→ **REQUIREMENT**
Below are some entries; reproduce them exactly and leave every picture out.

→ **SOURCE INFORMATION**

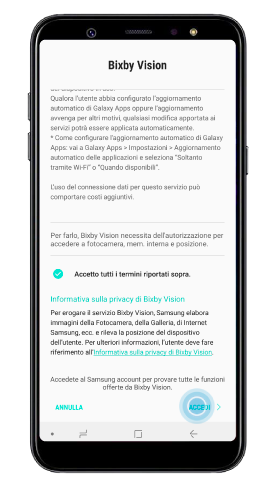 Scermata Bixby home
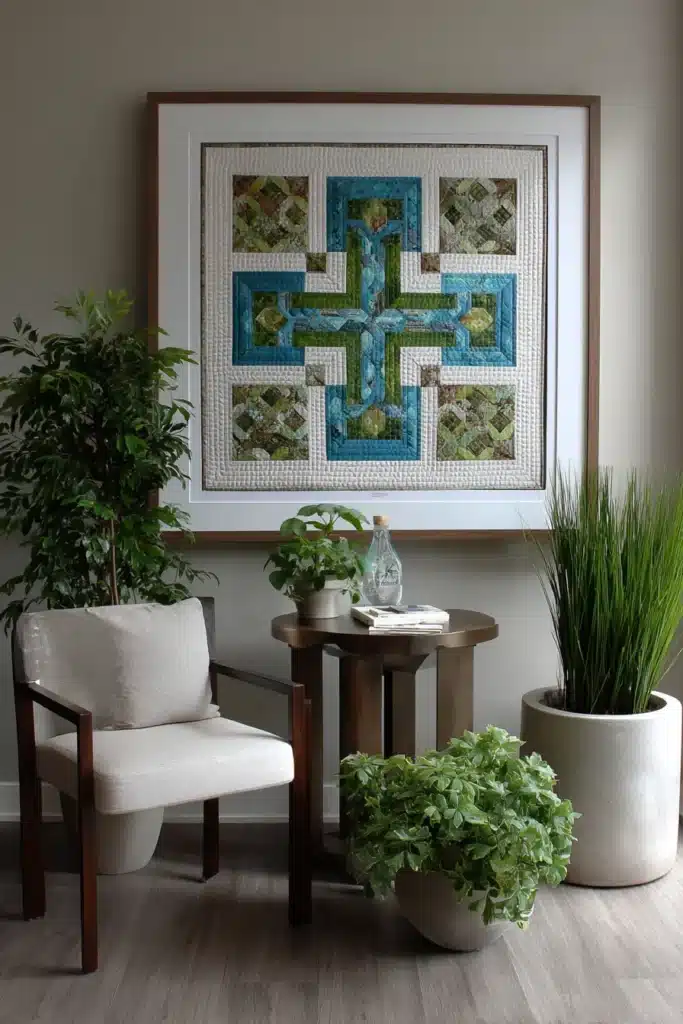 Framed Irish Chain Quilt Blocks for Textured Statement Wall Art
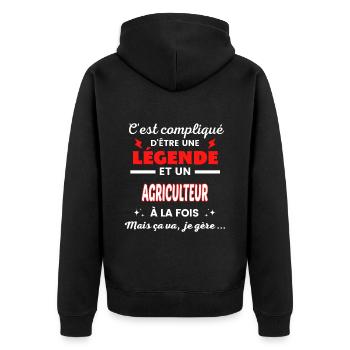C'est compliqué phrase drôle AGRICULTEUR - Veste à capuche bio Premium Unisexe - noir - Dos - Nico (187cm)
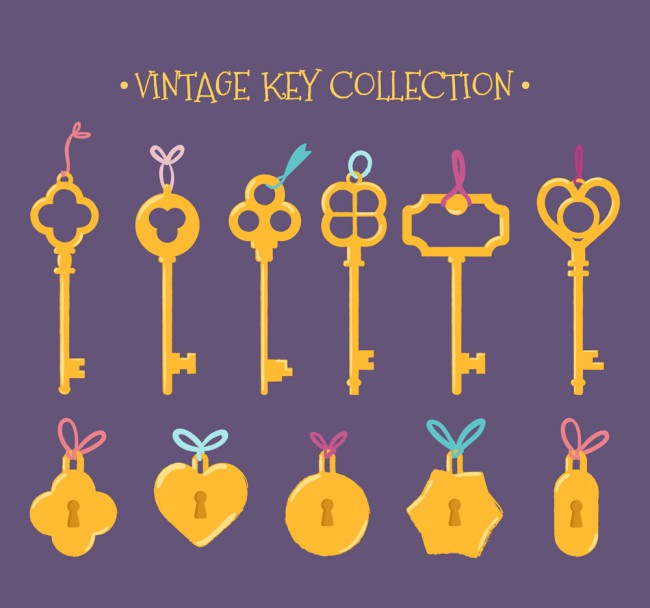 5款金色锁头和6款钥匙矢量素材普贤居素材网精选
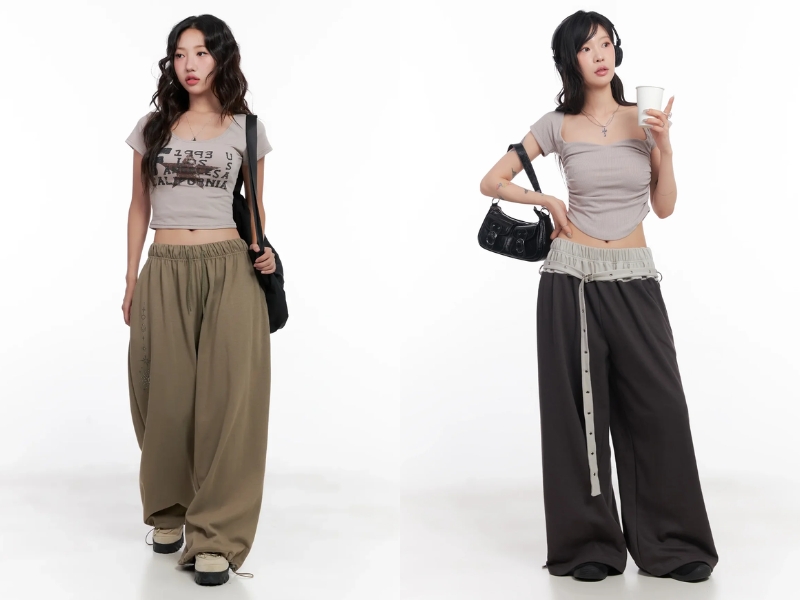 phối áo croptop và quần ống rộng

→ **RESPONSE TO THE TASK**
 Scermata Bixby home
 Framed Irish Chain Quilt Blocks for Textured Statement Wall Art
C'est compliqué phrase drôle AGRICULTEUR - Veste à capuche bio Premium Unisexe - noir - Dos - Nico (187cm)
 5款金色锁头和6款钥匙矢量素材普贤居素材网精选
 phối áo croptop và quần ống rộng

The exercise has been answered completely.